Jeremy spent five years training in Paris and knows every stage of the process. This extensive knowledge underpins the way things are done at David Morris. “If you want something designed, then I’ll get out my sketchbook and I’ll design it on the spot,” he says. “If you go to a super brand, who do you talk to? You don’t talk to the owner. If you talk to the head of design, then they won’t necessarily know about the stones. I’m going to know about the stones, the design, the manufacturing, the price. It’s a one-stop shop. If you’re talking to any of my sales people, then they’re going to call me directly if there are any questions. The lynchpin of a family brand is to be in control of your own destiny. There’s no way for the brand to be diluted.
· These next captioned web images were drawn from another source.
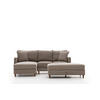ECKSOFA mit Hocker, Schlaffläche - Beige/Walnussfarben, Holz/Kunststoff (210/155cm) - myHomelando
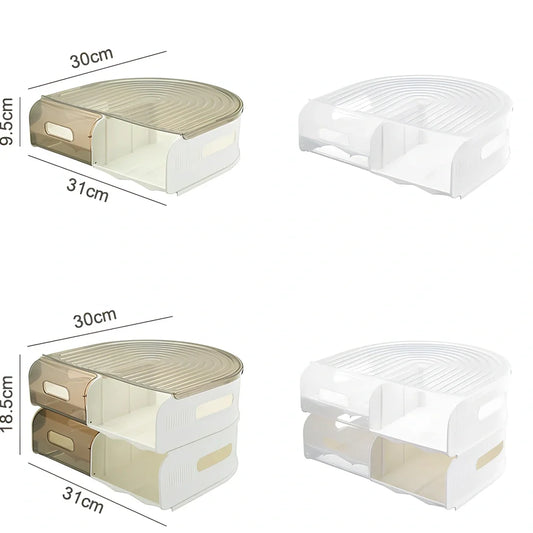 Stackable U-shaped egg storage box with semi-transparent PP construction showing egg compartments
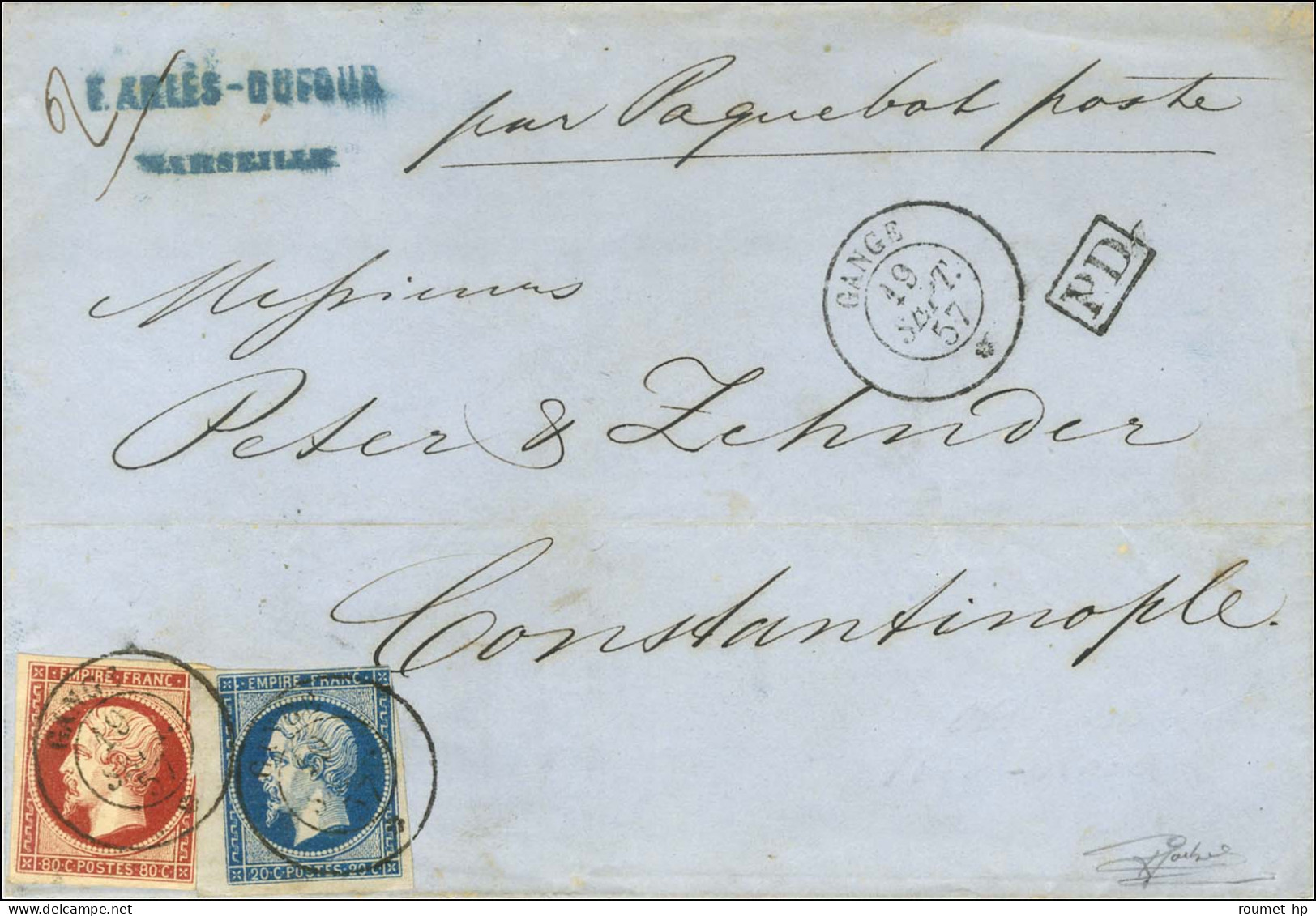 Càd GANGE / * 19 SEPT. 57 / N° 14 (filet Effleuré) + N° 17 Sur Lettre 2 Ports De Marseille Pour Constantinople. Exceptio - 1853-1860 Napoléon III.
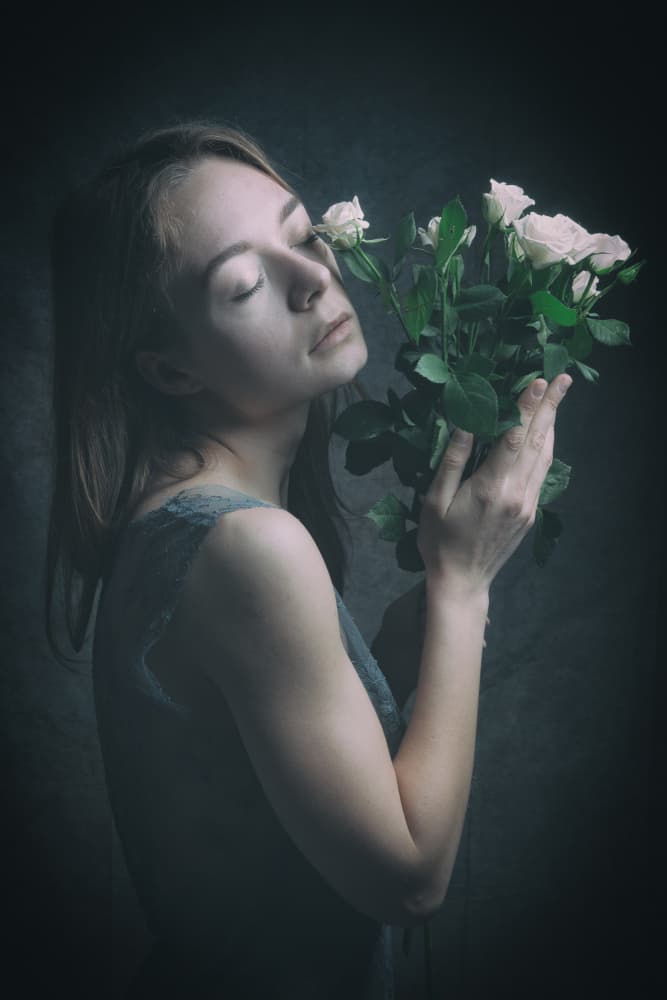 Serene Woman With Roses by Ruth Franke — canvas wall art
If people want to buy David Morris, there’s only one place they can go.”

Erin adds that being a husband-and-wife team injects an energy and focus into the business. She says, “The passion that we both have for creating beautiful pieces of wearable art is a 24-hour, seven-day-a-week interest that
never goes away.”

Jeremy’s daughter Phoebe has also started handling public relations for the business – bringing the running of the David Morris firm into its third generation.

The couple says that while they’re proud of the firm’sheritage, they believe innovation is important and have invested in technology and design. Expansion – in selected locations – is a key part of building up the brand in the 21st century. They now have stores in Moscow, Dubai, Riyadh and Doha, with a new venture in Abu Dhabi planned for later this year.

Jeremy insists that each location has unique pieces but all are made for women who enjoy wearing statement jewellery.

The Hong Kong boutique, at the Peninsula hotel, in June put on sale the Pagoda Collection, featuring Colombian emeralds, Burmese rubies, Kashmir sapphires, and coloured diamonds including an 8.88-carat yellow stone.

China seems the next logical step in the company’s global strategy, but it’s a difficult market to crack for a smaller brand when the big names are already well established. In the first six months of 2013, demand for polished diamonds grew by nearly 13 per cent in China to around HK$2.3b, and the nation is now one of the world’s biggest importers of blue sapphires.

“I think the demand is there in China. It’s just finding the right places and people to work with,” notes Jeremy. “There’s definitely a huge market out there, but this is not something that can happen overnight. We’ve done
little exhibitions and shows in Shanghai and Beijing. We’re slowly making inroads and will open there when the time is right.”

He believes ultimately that the quality, integrity and style of the products will ensure the company’s success. “It may not be the cheapest but it will always be the best that money can buy,” he says. “That is my brand position. In 50 years I hope that remains the company ethos – the rest is in the hands of the gods.”